Viewed in the light of a constitutionally applied regulation, B&B’s challenge of the evidentiary basis for the Commission’s decision must be sustained.

583 F.2d at 1371-72 (footnote 16 omitted).

The petition for review is granted and the order of the Commission is vacated and set aside.

. § 1926.28 Personal protective equipment.

(a) The employer is responsible for requiring the wearing of appropriate personal protective equipment in all operations where there is an exposure to hazardous conditions or where this part indicates the need for using such equipment to reduce the hazards to the employees.

In the area of safety, ... the Secretary is not restricted by the status quo.
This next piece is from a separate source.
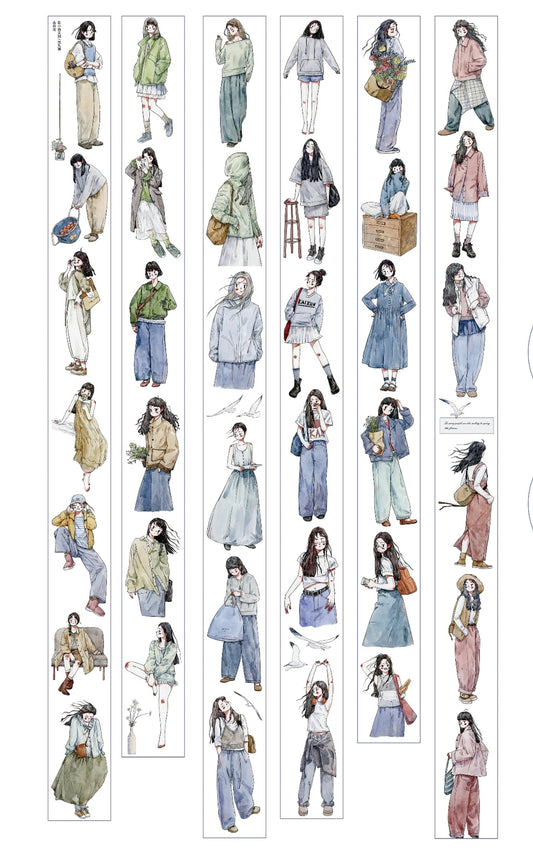 NEW! KAIXUN  - Vol.9 Spring | Kiss-cut | 4.5cm PET Tape |  Release Paper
He may raise standards which require improvements in existing technologies or which require the development of new technology . ... ” Society of Plastics Industry, Inc. v. OSHA, 509 F.2d 1301, 1309 (2d Cir.), cert. denied, 421 U.S. 992, 95 S.Ct. 1998, 44 L.Ed.2d 482 (1975) (standard prohibits worker exposure to concentrations of vinyl chloride).

For a discussion of standards formulation through administrative rulemaking rather than ad hoc adjudication, see Securities & Exchange Comm’n v. Chenery Corp., 332 U.S. 194, 202, 67 S.Ct. 1575, 1580, 91 L.Ed. 1995 (1947). The Court advised “The function of filling the interstices of the [Holding Company] Act should be performed, as much as possible, through this quasi-legislative promulgation of rules to be applied in the future.”

Arguments against ad hoc standard setting in application of the Act’s general duty clause are presented in Andrews and Cross, Defending An Employer Against An Alleged Violation of the General Duty Clause, 9 Gonzaga L.Rev. 399, 408-09 (1974); Morey, The General Duty Clause of the Occupational Safety and Health Act of 1970, 86 Harv.L.Rev. 988, 992-93 (1973). But see, National Realty & Constr. Co., Inc. v. OSHRC, 160 U.S.App.D.C. 133, 142, 489 F.2d 1257, 1266 n.37 (1973).

See generally, National Roofing Contractors Ass’n v. Brennan, 495 F.2d 1294 (7th Cir. 1974), discussing promulgation of construction industry standards.

When the Secretary determines the need for a specific standard, he may receive comments from an advisory committee which must include persons qualified by experience and affiliation to present the views of employers and employees in the industry. 29 U.S.C.A. §§ 655, 656(b). The proposed standard is published and interested persons are permitted to submit written comments and may demand a public hearing on the proposal. 29 U.S.C.A. § 655(b)(2), (3).